I have 120 coming from the wall (through a power strip) into a 60V DC PSU. The 3 fuses that are shown are 15A slow blow fuses (digikey pn: F1776-ND). Both times I have fried a DYN2 drive, the fuse on the X axis has blown. The first time a drive was fried, it was when my mill was decelerating in the X from 300 IPM to 0. I was manually jogging (with the keyboard) the second time so it is difficult to know exactly when it happened. I do not have any of the alarm pins on the DYN2 hooked up at the moment.

System setup
Max velocity: 5 IPS (300 IPM)
Max acceleration: 20 inches per second per second
Ball Screw Pitch: 2.5mm (for maths sake, lets call it 0.1")
DYN2 drive PN: DYN2-TLAS-00
Motor PN: 57N-DHT-6ATD1

I sent the first fried DYN2 back to DMM and this was their response:

The drive you returned had two burned power transistors caused by over voltage, so we will need to invoice for the drive repair and will send a payment link now. Make sure to put the capacitors at the 60VDC power supply output to smooth and voltage fluctuations.
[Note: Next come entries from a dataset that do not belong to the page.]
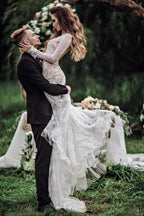 Mermaid Backless Long sleeves Lace Bohemian Wedding Dresses WD733 by pgmdress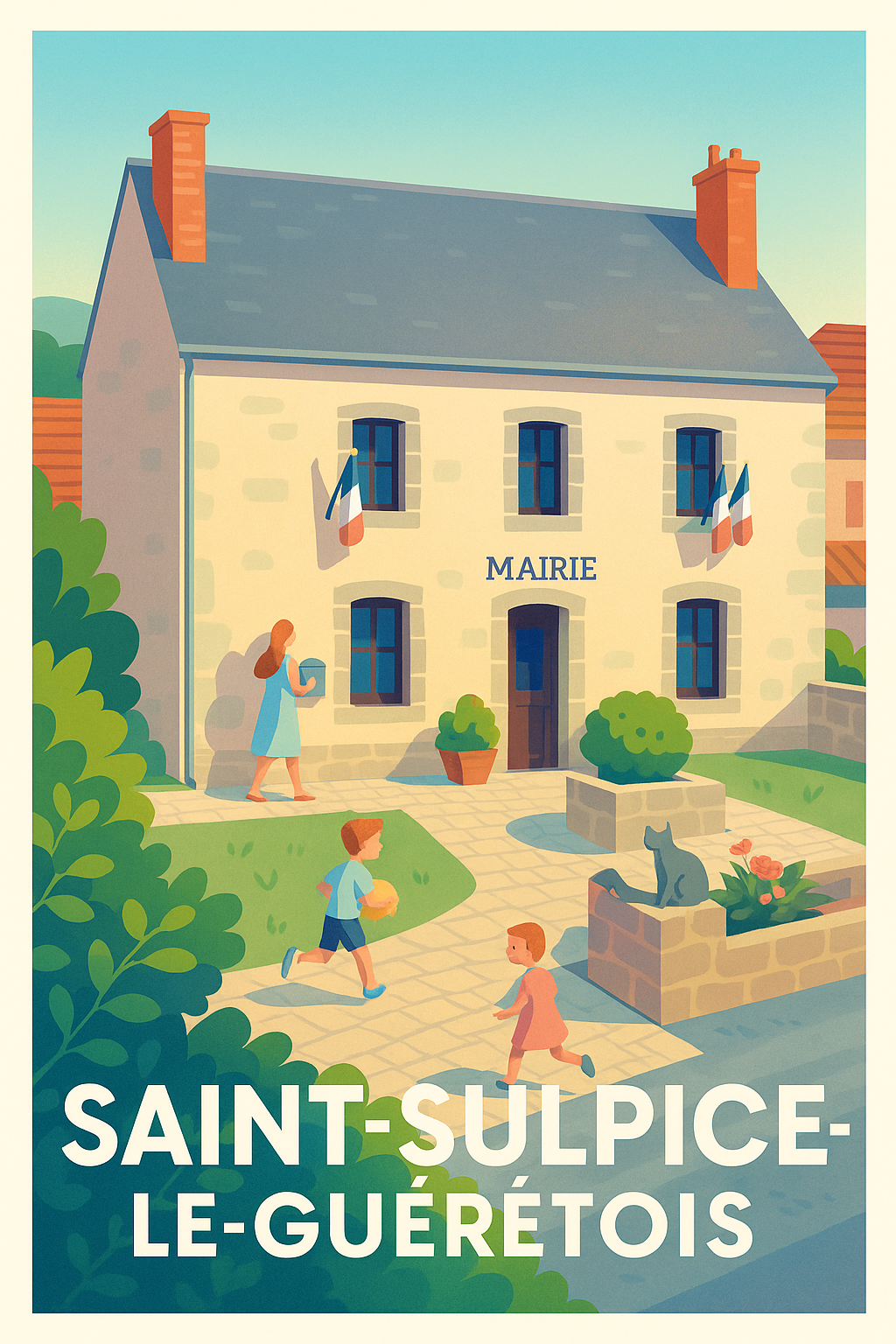 Affiche Saint-Sulpice-le-Guérétois — L'Esprit village et convivialité · poster d'art de Saint-Sulpice-le-Guérétois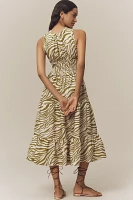 By Anthropologie Sleeveless Poplin Smocked Midi Dress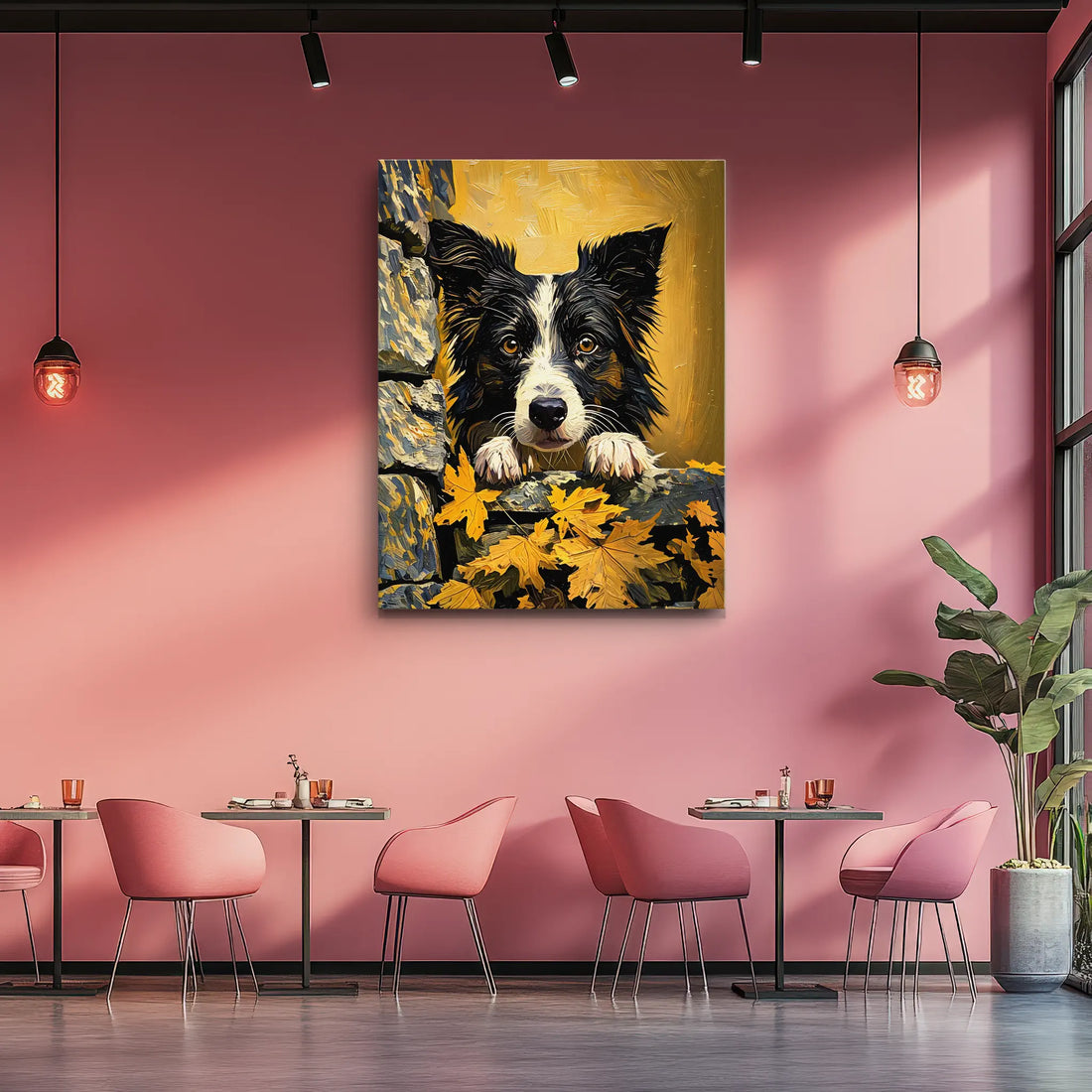 Autumn Border Collie Peek Giclée Print 456005 Visual Wall Art AR3:4V-AR4:5V Giclée Print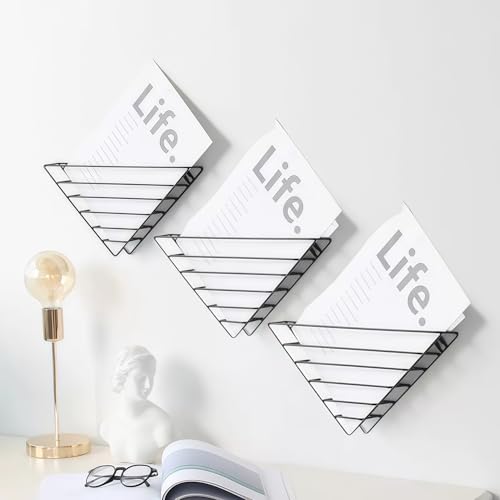 CROISSANT Wall Mounted File Organizer,Metal Magazine Basket, Wall Mounted Magazine Rack, Suitable for Hanging File Folders for Office Living Room(Black, 1 Pack) - color: Black, size: 1 Pack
I added the two capacitors as they suggested and fried a second drive. At this point, I believe they are just taking guesses and hoping the problem goes away. But at $150 and 1 week lead time, I do not want to keep taking guesses. I personally don't understand how a single drive can be failing due to over voltage from the PSU since all 3 drives are connected in parallel. Does anyone here have any ideas on what I can/should test? The last kit I purchased from them (due to arrive tomorrow) includes two 48V PSUs (to get the necessary power), a new motor and a new DYN2 drive. I will have a total of 4 working drives once this package arrives (X,Y,Z & spare).